━━━━━ Records for this task ━━━━━
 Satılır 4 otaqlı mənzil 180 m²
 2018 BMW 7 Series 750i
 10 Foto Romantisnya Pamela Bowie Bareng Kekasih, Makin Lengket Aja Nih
━━━━━
━━━━━ Records for this task ━━━━━
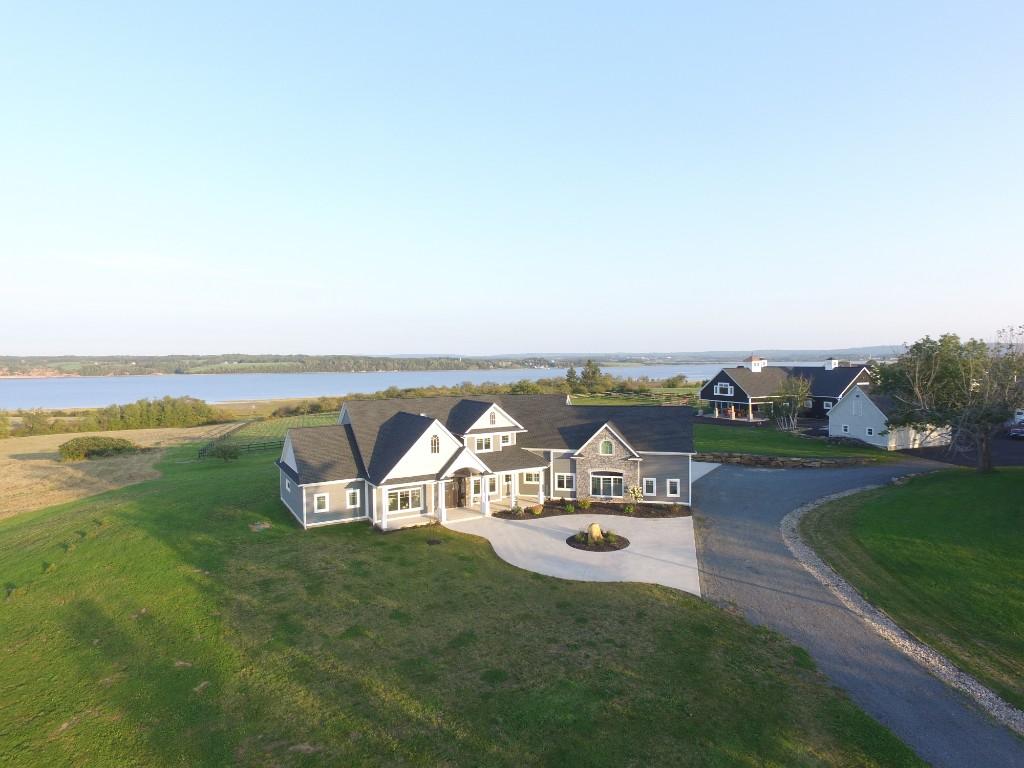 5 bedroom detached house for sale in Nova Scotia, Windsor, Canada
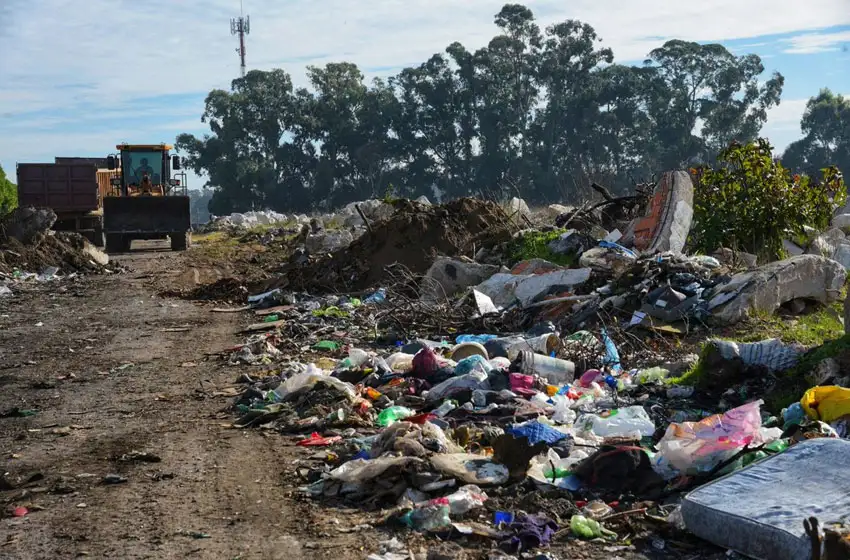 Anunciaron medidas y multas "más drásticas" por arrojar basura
━━━━━
━━━━━ Records for this task ━━━━━
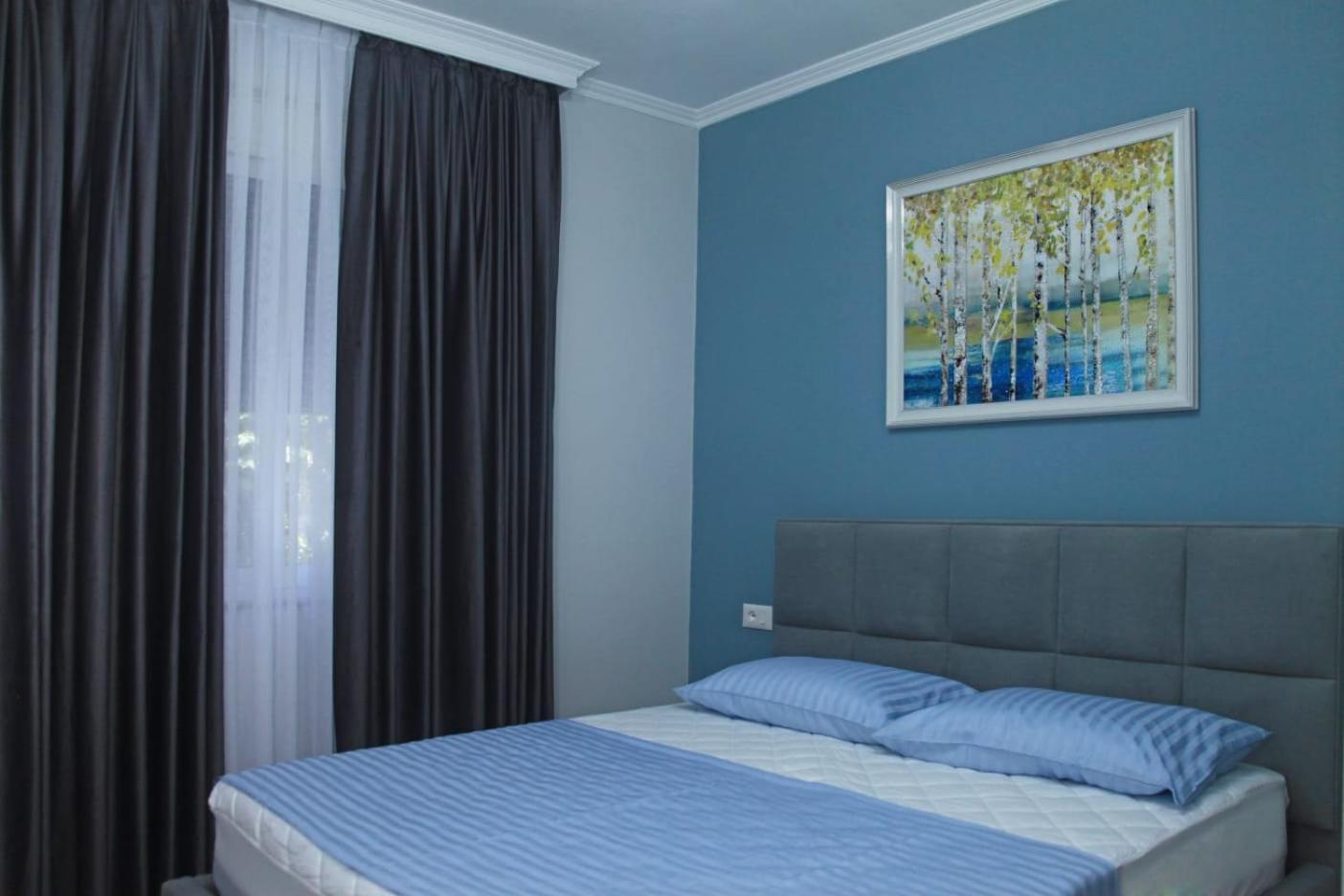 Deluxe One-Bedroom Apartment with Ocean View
━━━━━
> [Your objective]
Restate word for word the entries above, starting at the line with "Satılır 4 otaqlı mənzil 180 m²" and ending at the line with "10 Foto Romantisnya", inclusive, and no others.

> [Output for this task]
 Satılır 4 otaqlı mənzil 180 m²
 2018 BMW 7 Series 750i
 10 Foto Romantisnya Pamela Bowie Bareng Kekasih, Makin Lengket Aja Nih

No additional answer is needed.